The gatekeeper of this form of entertainment, the Gaming Authority, is unable to do much about machine tampering. This is partly due to the fact that the body is made to operate with laws from 1908 in the 21st Century. Even its regulations of 2005 are outdated.
In an exclusive interview with the Guyana Standard, the Authority’s Chairman, Roysdale Forde bemoaned the fact that his abilities to carry out audits of tampering are inhibited by old laws and regulations. He said that these are supposed to be updated every two years.
The Attorney-at-Law noted too that the Authority has several persons to do audits but those people are not capable of carrying out audits at the international standard that is required. As such, he said that specialists were imported to do the job last year. Another session of this nature is planned for 2018.
Forde said, “But what we have to get is the Gaming Bill. It is key to the degree of effectiveness we can have on the sector…What the last government did was they created the 2005 regulations to allow the casino up the East Bank (The Princess Hotel Casino) to be established. But we need a substantial Act because those regulations don’t cover an inch of the things we have now.”

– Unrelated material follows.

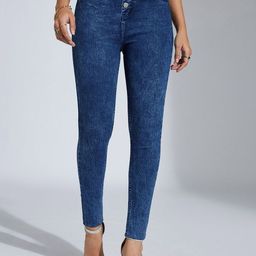 Miss Chase Women Skinny Fit High-Rise Heavy Fade Stretchable Jeans-picture-31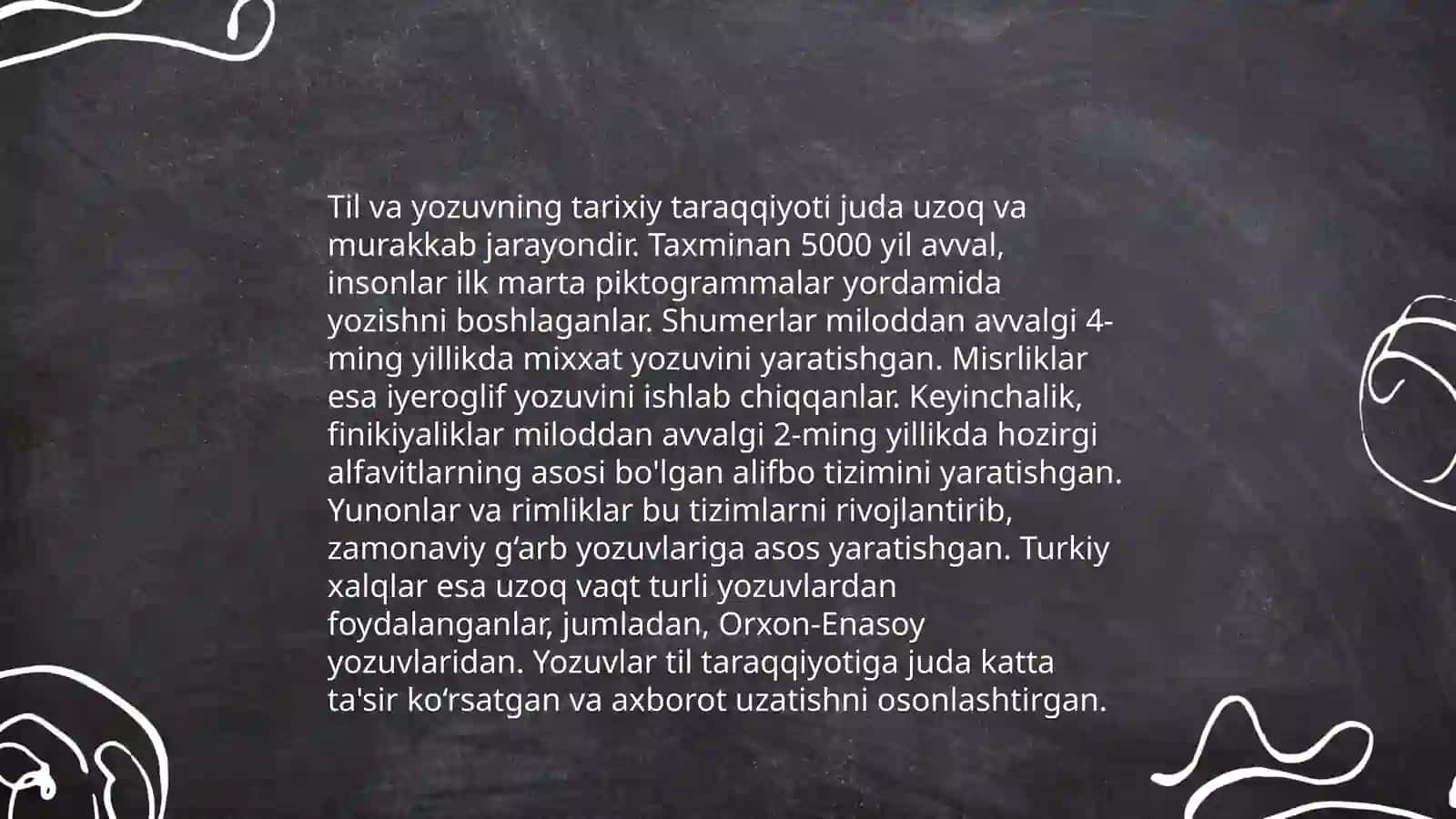 Til va yozuv 3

The Chairman added, “We are very ineffective right now because there are so many different developments and we can’t monitor them. The Finance Minister, Winston Jordan, saw the light of day and made us the sole gaming regulator in the Anti-Money Laundering and Countering the Financing of Terrorism Act (AML/CFT). That gave us a little bit more bite. But it is clearly not sufficient.”
Forde complained about the fact that the Authority lacks enforcement powers, as it relates to seizures, when anomalies are detected. The Chairman noted, “We have to rely on the police and the Guyana Revenue Authority (GRA) and it is just not a good state of affairs, especially when you consider the numerous operators we have and how frequently Guyanese use them.”